The courts outright have proven that Apple lied and forced them to pay out damages, how can that be "misrepresented and exaggerated"?!


That is an incredible claim. Please link to this court judgement.


After appeals were rejected, Apple is making payments to affected customers: https://www.smartphoneperformancesettlement.com/

You can find links to litigation there.


I had a quick scan but I can’t see it. Can you quote the bit where the court said Apple lied?

Edit: Document is here: https://angeion-public.s3.amazonaws.com/www.SmartphonePerfor...

> The Court did not decide the case in favor of Plaintiffs or Apple.

This does not support your assertion that the court decided that Apple lied.


Perhaps finish reading the said sentence - the court didn't decide the case because Apple decided to pay out money for their actions.

Your assumption that Apple's settlement to avoid guilty verdict somehow means that they didn't do the action (which they agreed to pay damages for) is the wildest instance of corporate boot licking I've seen this week :D

If the court decided that plaintiffs didn't have a case, Apple wouldn't settle.


I’m not sure how you failing to provide proof of lying makes me a corporate boot licker? Deciding to settle is a business decision which may or may not be related to what they did. This is the difference between a legal system and a justice system.


Have the courts actually proven that, or did Apple settle, avoiding the courts proving anything one way or another?


What's the difference? Apple appleals were rejected and then they started to compensating customers for their actions.

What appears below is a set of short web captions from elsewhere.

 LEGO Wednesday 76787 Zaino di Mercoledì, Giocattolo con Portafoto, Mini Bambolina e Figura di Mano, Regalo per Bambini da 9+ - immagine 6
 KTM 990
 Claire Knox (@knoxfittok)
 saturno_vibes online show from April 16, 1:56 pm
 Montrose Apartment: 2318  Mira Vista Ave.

Seems like it was proven enough that the corporation admitted to wrong doing and is paying damages to customers.


If you don’t appreciate the difference, you should refrain from making statements like your original one since it might get you in trouble.


Please explain what kind of trouble are you threatening me with by claiming that corporation paying damages for their actions is kind of a good proof that those actions actually happened?

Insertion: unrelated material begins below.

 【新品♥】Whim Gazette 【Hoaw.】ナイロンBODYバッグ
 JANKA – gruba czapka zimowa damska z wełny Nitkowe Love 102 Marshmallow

I am not threatening you. I’m saying if you assert that an entity is lying and you fail to provide proof then it can have consequences. It may make you the liar, since you are making false statements.


There was a legitimate issue - they needed a visible battery health indicator – but you’re right that it’s been substantially exaggerated. There’s a certain amount which is probably explained by “iOS versus Android” but I think most of it comes back to the tech press being funded by ad impressions: mention a top brand in a story like that and you’ll get a lot of clicks with very little effort.

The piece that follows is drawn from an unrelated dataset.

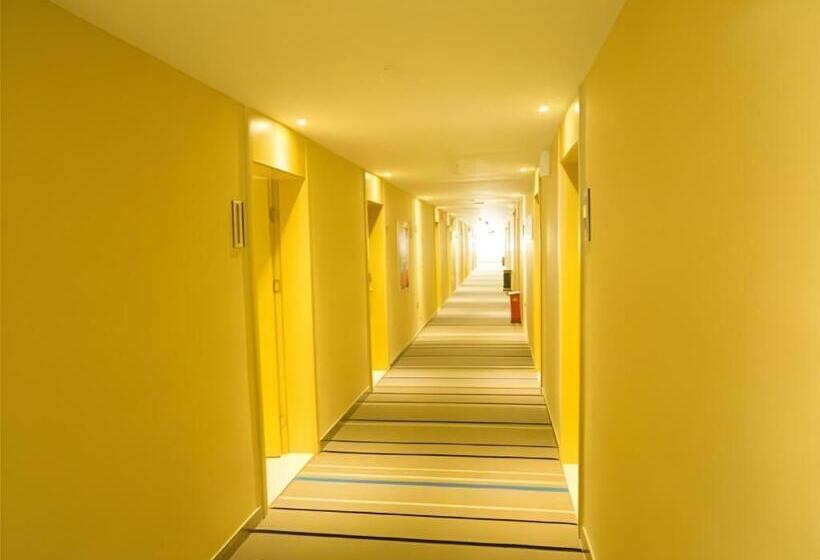 City Comfort Inn Hotel Wuhan Optics Valley Square Metro Station Zhongnan Minzu University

Perhaps your usage doesn't challenge the throttling, i.e. you use it for calls, imessage, and apps you haven't updated (thus not as much CPU-demanding) for a few years. I have a Philips stereo on which I can plug/dock older iphones (3-4-5), and for that I got a very old 5, with Spotify. The phone is docked (and charging) on the stereo 24/7/365. So no complaint for that. But if I were to use it for other purposes, it would be super painful to have super slow performance or battery dying on me.


It’s both. They absolutely should’ve been clear about what was happening and should’ve given people the option to turn it off and had more obvious battery health notifications. It’s not a conspiracy to sell more phones imo.

If you want someone to blame, the mostly popular apps on the App Stores get more and more bloated every year.